Pakistan’s proponents – from Donald Trump and a section of his inner circle to its admirers within India’s self-styled ‘left-liberal’ circles - have long indulged the fiction of Islamabad as a misunderstood stabilising force in the region.
This section of the Indian commentariat in particular, with its strident opposition to PM Modi and the ruling BJP, rhapsodize about Pakistan’s ‘strategic importance,’ its ‘geopolitical leverage’ and its supposed ability to convene difficult conversations.
For anyone with eyes to see, the far more inconvenient truth is that Pakistan’s state apparatus has for decades been entangled with precisely the kinds of non-state actors and duplicities that make genuine diplomacy impossible. To cast such a state as a neutral mediator in one of the world’s most sensitive geopolitical disputes was wilfully absurd to begin with.

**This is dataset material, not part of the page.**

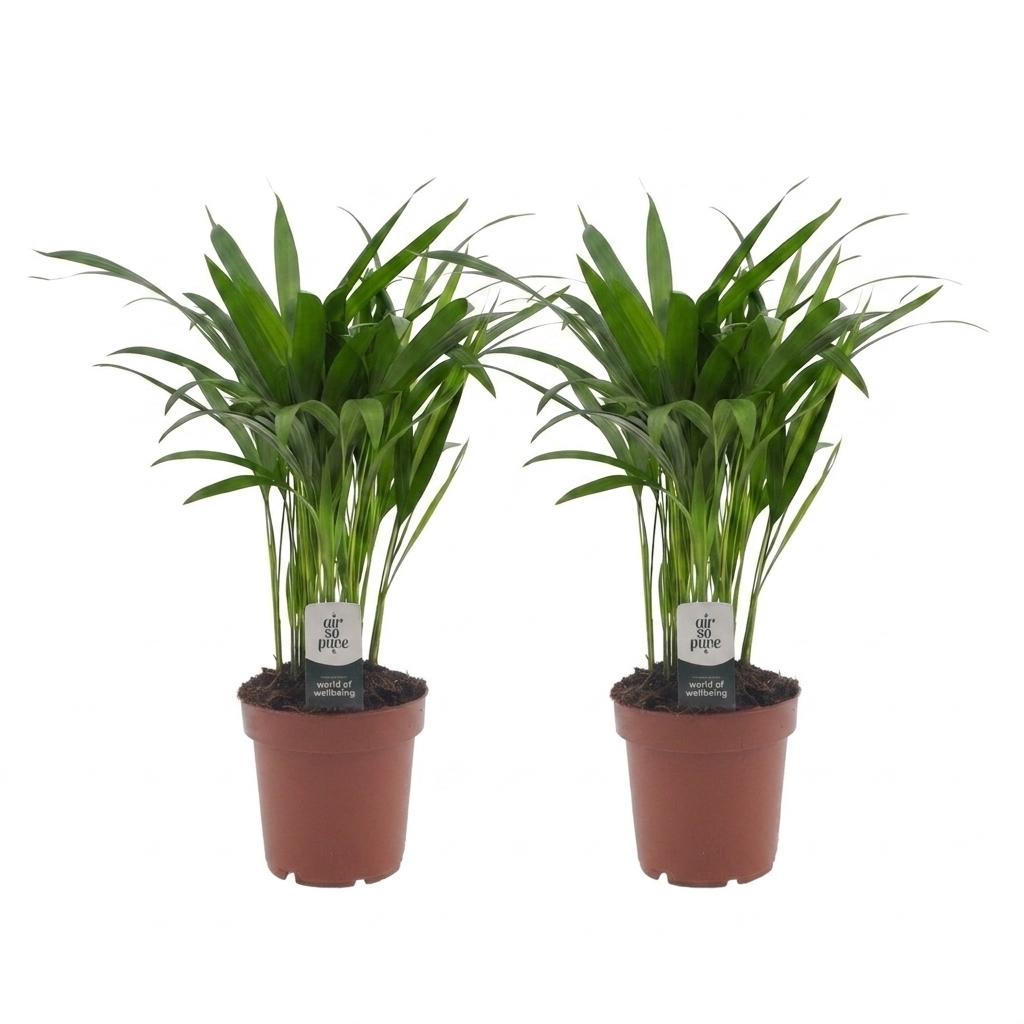 Areca Lutescens - Goudpalm - 2x - Pot 12cm - Hoogte - 45cm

Predictably, the talks foundered on the most intractable issues. The United States, represented by Vice President JD Vance, reiterated its insistence on a verifiable commitment from Iran to abandon any pursuit of nuclear weapons capability. Iran, for its part, dismissed Washington’s demands as excessive and unlawful, pointing to broader grievances that included sanctions, war reparations and control over the Strait of Hormuz. These are structural antagonisms embedded in decades of conflict.

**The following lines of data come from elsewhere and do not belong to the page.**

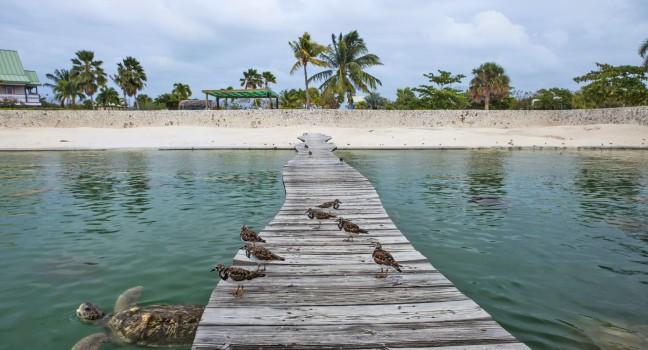 Dock, Cayman Turtle Farm, Cayman Islands, Caribbean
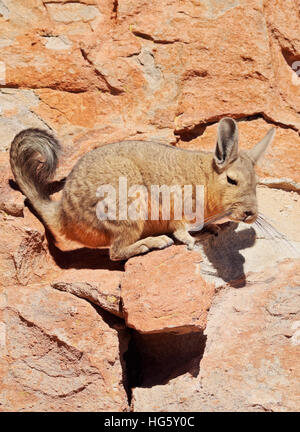 Bolivia, Potosi Departmant, Nor Lipez Province, Viscacha(Lagidium viscacia) in the Valle de las Rocas(Rocks Valley). Stock Photo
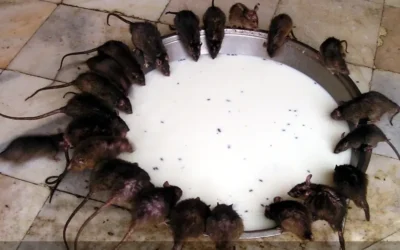 Leben im Kreis: Seltene Pi-Ratten entdeckt Leben im Kreis: Seltene Pi-Ratten entdeckt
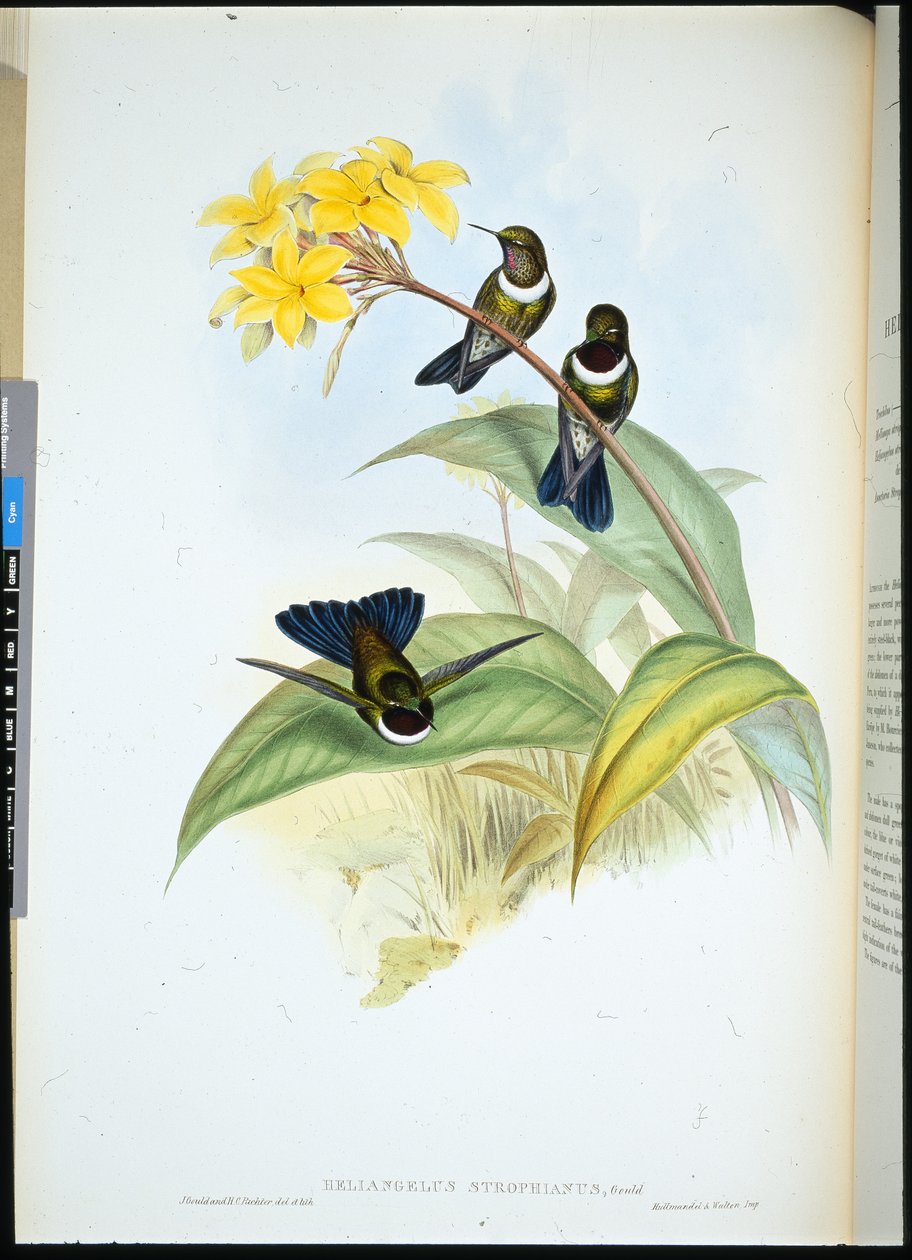 Gorgeted Sun Angel (Heliangelus Strophianus) (handfärgad litho) av John (after) Gould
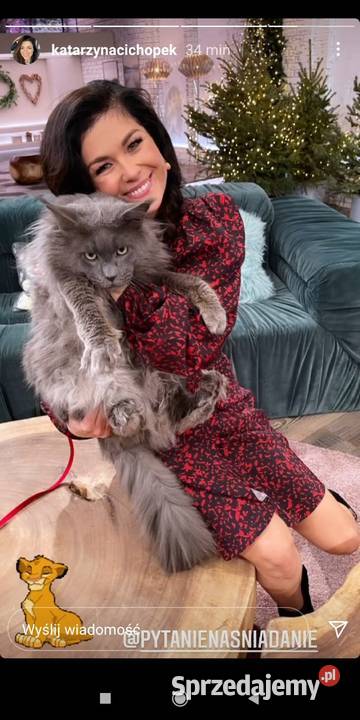 JEDYNA Czarna koteczka Maine Coon Polydactyl Poznań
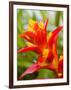 Red and Yellow Bromeliad, San Francisco, California, USA-Julie Eggers-Framed Photographic Print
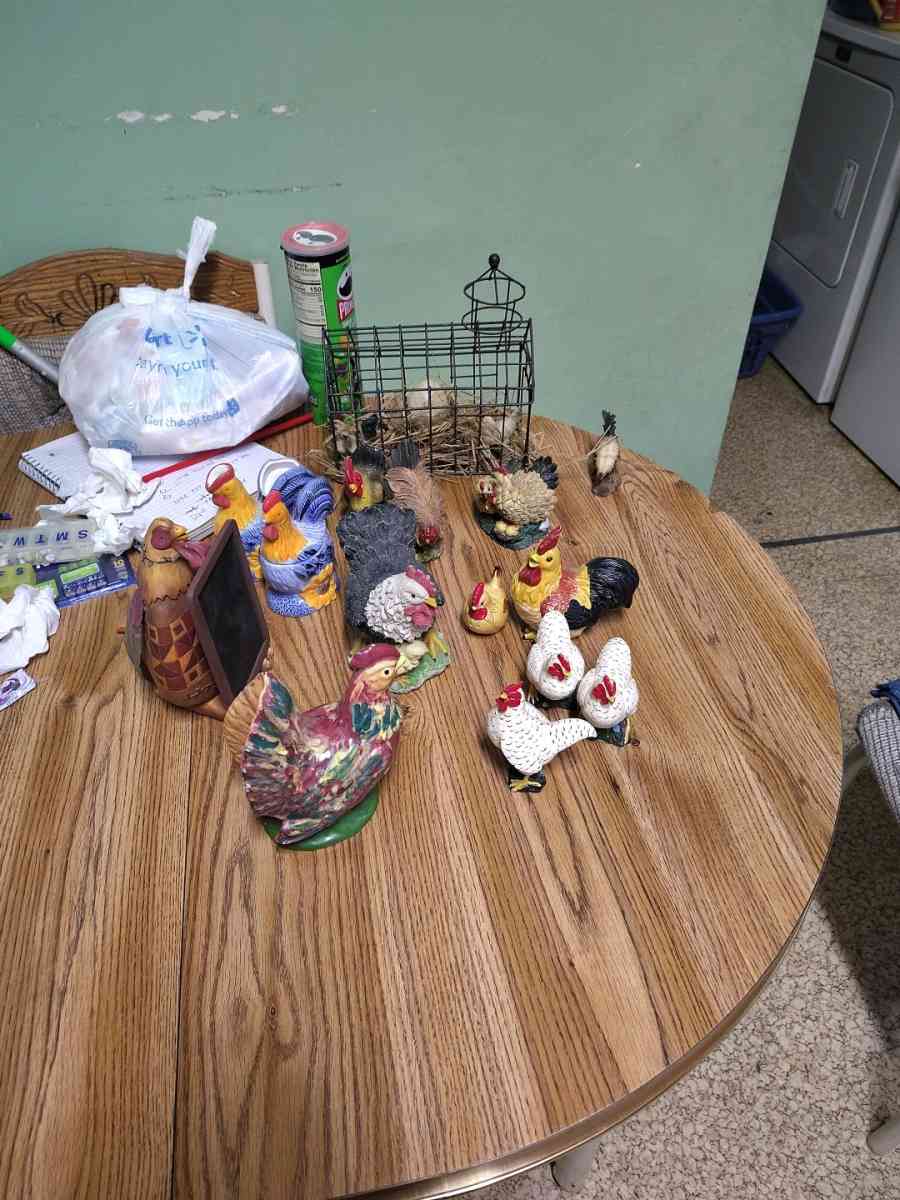 chickens and roosters - Saint Joseph, Missouri - FleaMarketBay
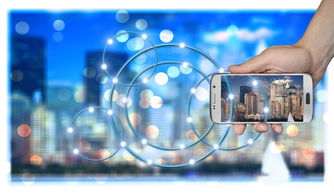 开云体育app下载-中国篮球职业俱乐部财务风险管理策略研究，篮球俱乐部运营情况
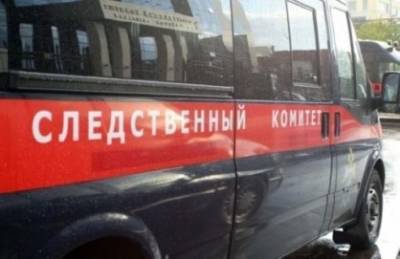 СК организовал проверку по факту избиения студентки техникума - lipetskmedia.ru - Россия - Липецкая обл.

What, then, was Pakistan expected to contribute? Moral authority? Strategic clarity? Institutional trust? It possesses none in sufficient measure. Instead, Islamabad offered what it often does - optics without substance, posturing without consequence.
One might reasonably ask whether the intent was ever genuine. For Pakistan, the benefits of hosting such talks are largely reputational. In a country perennially seeking international validation and frequent international bailouts, playing host to high-stakes negotiations offers a fleeting veneer of relevance. It allows its leadership to project an image of indispensability, even as its domestic and economic realities tell a different story.
While diplomacy is the art of restraining power without humiliation, Pakistan’s turn as broker looked more like the art of staging illusions without consequence. Can America pick better mediators?